A description of the monetary amount that will be allocated to a given project or action.

Business Plan

A formal guide outlining your business goals and plans to achieve the goals. It may also include background information on the organisation attempting to achieve these goals.

Board of Directors

A Board is the group of people who are legally charged to oversee the operations of a corporation, whether for-profit or nonprofit.

Board Insiders

Members of the board of directors that are generally employed inside of the organization.

Board Outsiders

Members of the board of directors that are generally employed outside of the organization.

Buy-in

Obtaining agreement from key stakeholders that the proposed plan is acceptable.

Business Model Canvas

The Business Model Canvas is a strategic management and lean startup template for developing new or documenting existing business models. It is a visual chart with elements describing a firm’s or product’s value proposition, infrastructure, customers, and finances.

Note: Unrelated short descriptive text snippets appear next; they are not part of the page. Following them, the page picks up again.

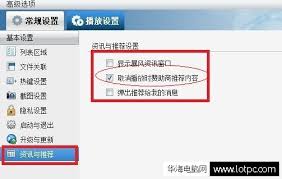 暴风影音的文件关联设置方法详解——如何高效配置暴风影音以便快速打开视频文件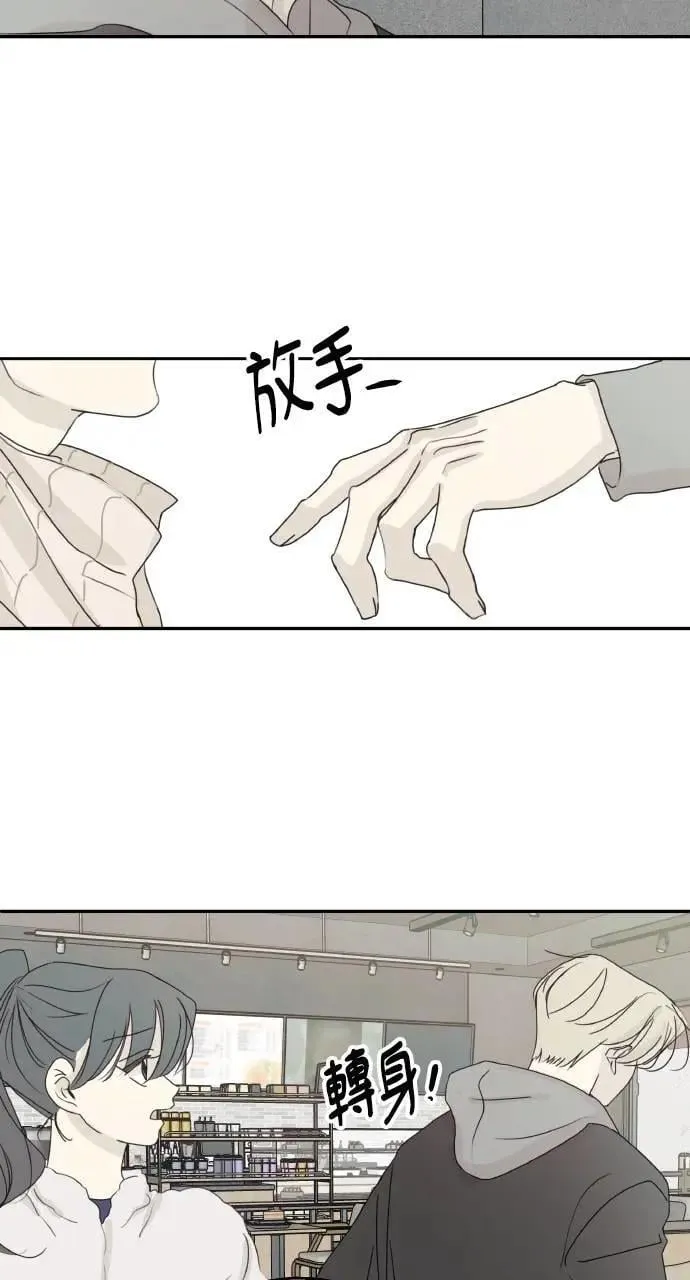 第36话 第70页
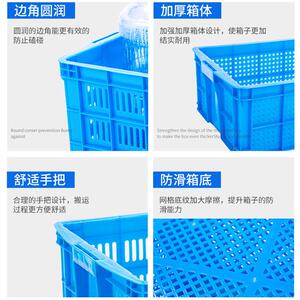 塑SHC料箩水果筐30斤装50斤装筐赣南脐胶橙框生猪肉筐货架周鲜转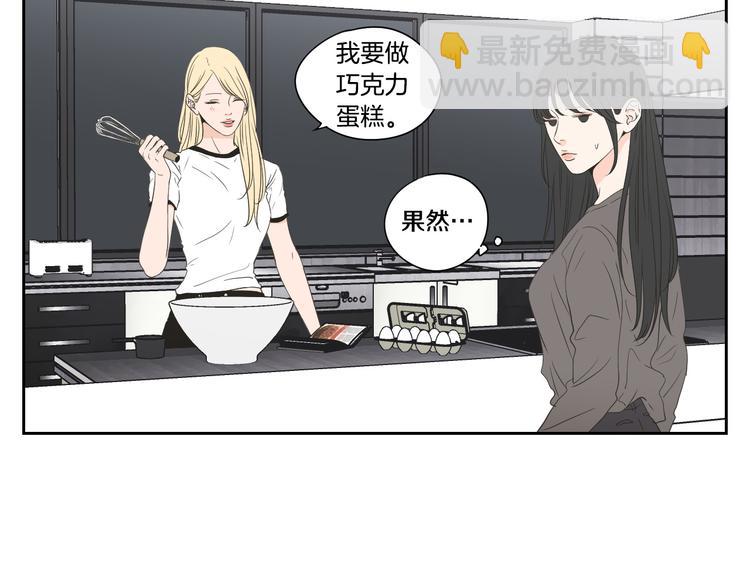 《狐狸在说什么？》番外1完结篇 情人节 第6页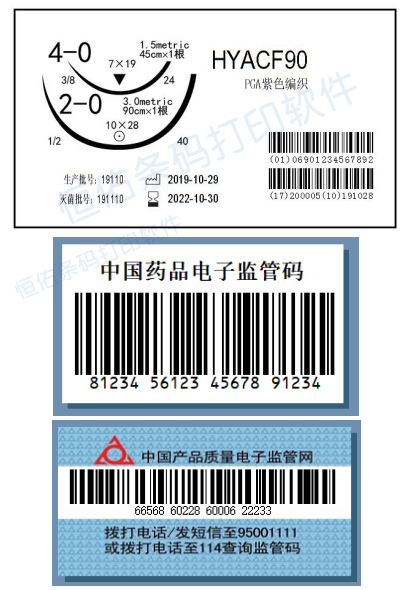 UDI标签打印软件V9.2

Backward Vertical Integration

Moving back along the value chain and entering a supplier’s business.

Behavioral Control

Focuses on controlling the actions of individuals through rules and procedures.

Best-Cost

A strategy where the firm attempts to offer a hybrid of both lower cost and differentiated products or services, combining the two basic strategies.

Blue Ocean Strategy

Creating a new, untapped market rather than competing with rivals in an existing market.

Broad Cost Leadership

A strategy that offers the lowest price in the market for that product or service.

Broad Differentiation

A strategy that offers something unique that differentiates their product or service from others.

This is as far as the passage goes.